Using the listing below, reproduce exactly the lines from the one with "Sue Store Set" through the last, with all pictures left out.

▶ _Data shown_

◆ ◆ ◆ ◆ ◆

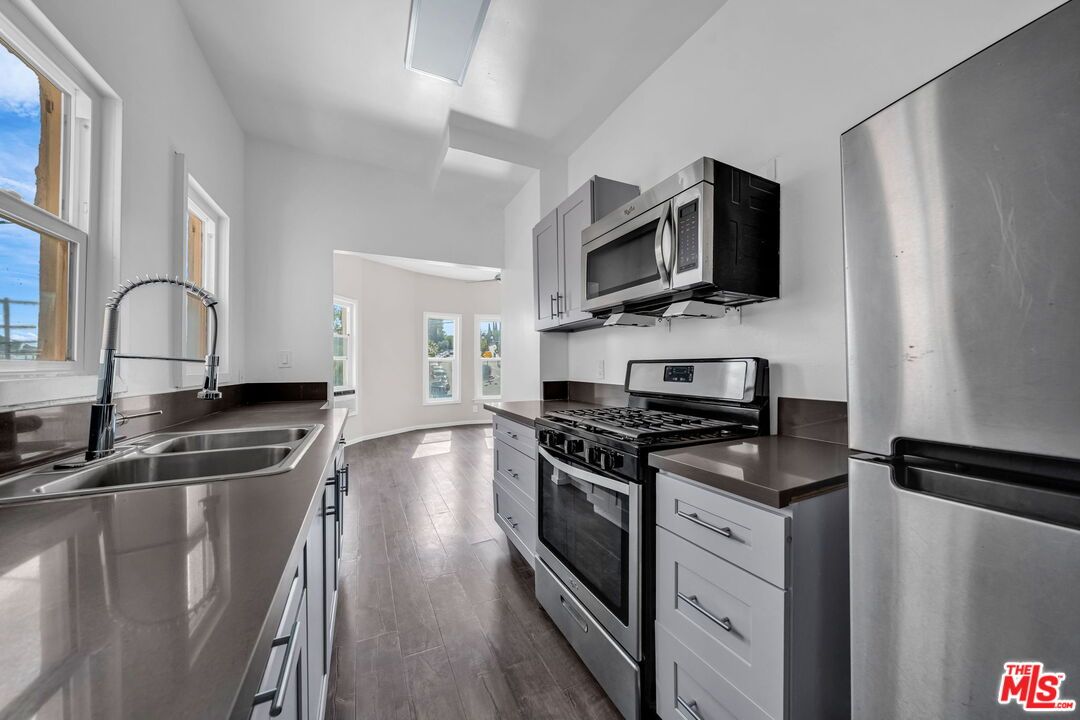 Interior, Kitchen, Stainless Steel Appliances, Wood Texture Flooring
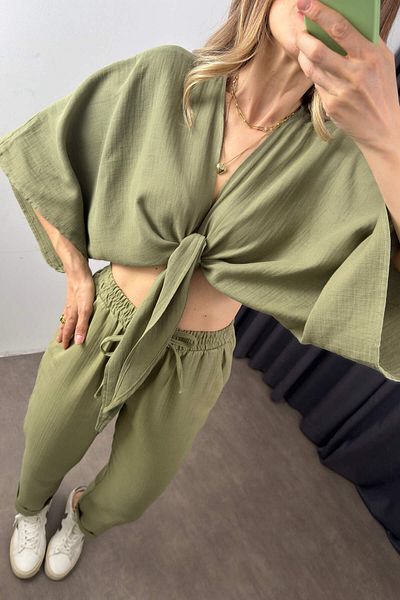 Sue Store Set pantaloni morcov cu bluză de muselină cu cravată în față kaki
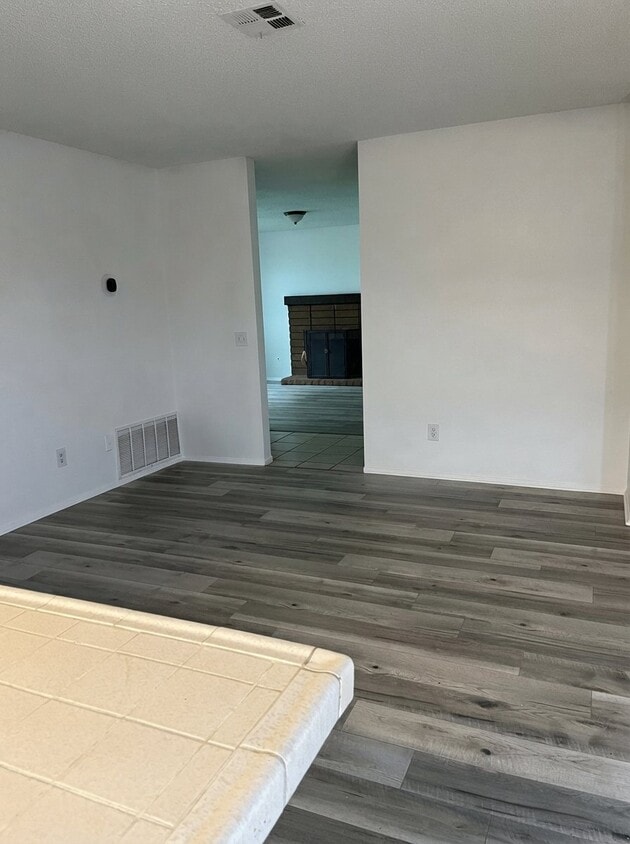 Building Photo - 4425 Bartel Dr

◆ ◆ ◆ ◆ ◆

▶ _Answer to this exercise_
 Sue Store Set pantaloni morcov cu bluză de muselină cu cravată în față kaki
 Building Photo - 4425 Bartel Dr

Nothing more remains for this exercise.